Segway Owner Ninebot to Sell China’s First CDRs on STAR Market

Electric scooter maker Segway-Ninebot won approval Friday for an initial public offering (IPO) on China’s new Nasdaq-style high-tech STAR Market with a plan to raise more than 2 billion yuan ($293 million).
Registered in the Cayman Islands, the Beijing-based company will become the first foreign-registered enterprise with a variable-interest entity (VIE) structure to sell Chinese Depository Receipts (CDRs) on China’s A-share market. Foreign companies use VIE structures to avoid Chinese restrictions on foreign direct investment in certain industries.
Ninebot plans to issue as many as 7.04 million A shares to its custodian bank, Industrial and Commercial Bank of China, which would then sell the company’s CDRs at a ratio of 10 CDRs to one ordinary share, according to the prospectus. CDRs are shares of non-Chinese companies that trade in China in the same way that American Depositary Receipts (ADRs) allow non-U.S. companies to float shares on American exchanges.

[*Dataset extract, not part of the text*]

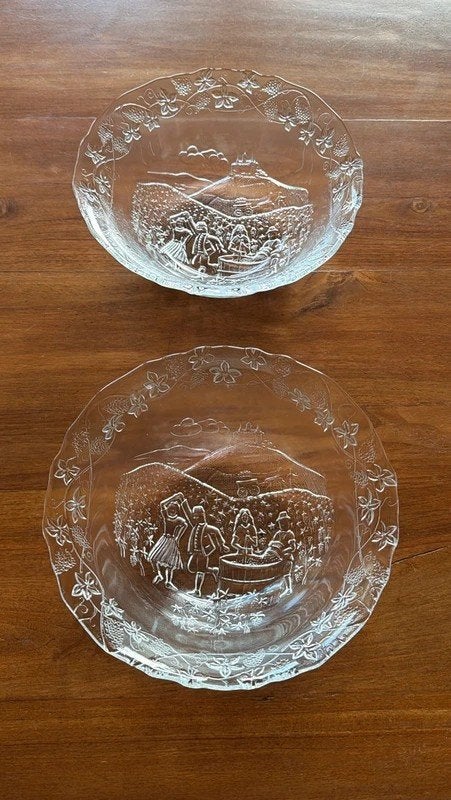 2 Folklore glazen salade schalen, Huis en Inrichting, Keuken | Servies, Zo goed als nieuw, Schaal of Schalen, Overige stijlen
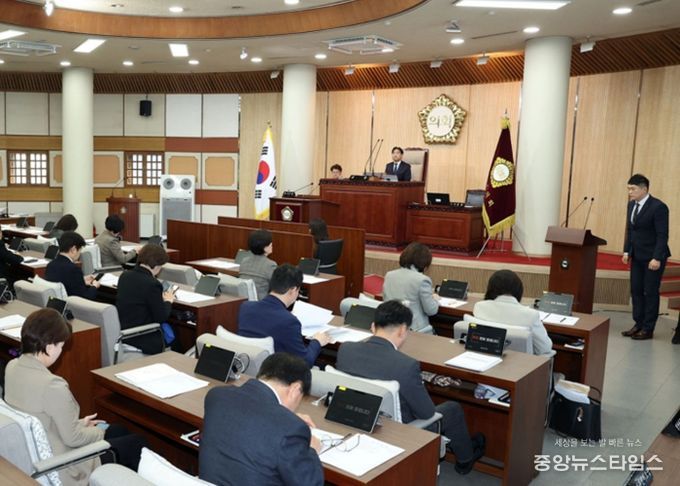 고양특례시의회, 제302회 임시회 개회...추경·시정질문·안건심사 집중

The electric scooter maker has plans to launch a robot delivery service through a WeChat small program or an app, which is a value-added telecom business subject to restrictions on foreign direct investment. Ninebot set up the VIE structure to avoid such restrictions.
Under a VIE structure, an overseas-registered company is set up to list on overseas bourses and uses contracts to control mainland-based units that hold most of their valuable assets, including licenses. The Shanghai Stock Exchange’s STAR Market is a testing ground for acceptance of companies with VIE structures.
Even though the company’s name indicates it’s a robot maker, Ninebot’s main products are electric scooters. Ninebot acquired American personal-transporter manufacturer Segway in 2015 and is now the world’s largest supplier of electric scooters.
At a listing review meeting Friday, the review committee of the Shanghai Stock Exchange’s STAR Market required the company to take further measures to eliminate any misrepresentation of the company’s name and make sure its name and abbreviation accurately reflect the nature of the business. The review committee also asked Ninebot to take further measures to remove any loopholes in investor protections in its VIE structure.
Ninebot is backed by Chinese electronics giant Xiaomi, venture capital firm Sequoia China, Intel Corp., Singapore’s sovereign wealth fund and China Mobile Innovation Industry Fund. It has long been seen as one of the strongest candidates for a listing on the new board.
Xiaomi is also one of Ninebot’s key clients. Related-party sales to Xiaomi accounted for more than half of Ninebot’s revenue in 2019. The company has yet to turn a profit, recording a net loss of 459 million yuan in 2019. The listing review committee didn’t question the company’s related-party sales but required it to disclose its market share and explain its competitiveness.
A previous version of this story gave the incorrect number of A shares that Segway-Ninebot planned to issue. It planned to issue about 7.04 million of the shares.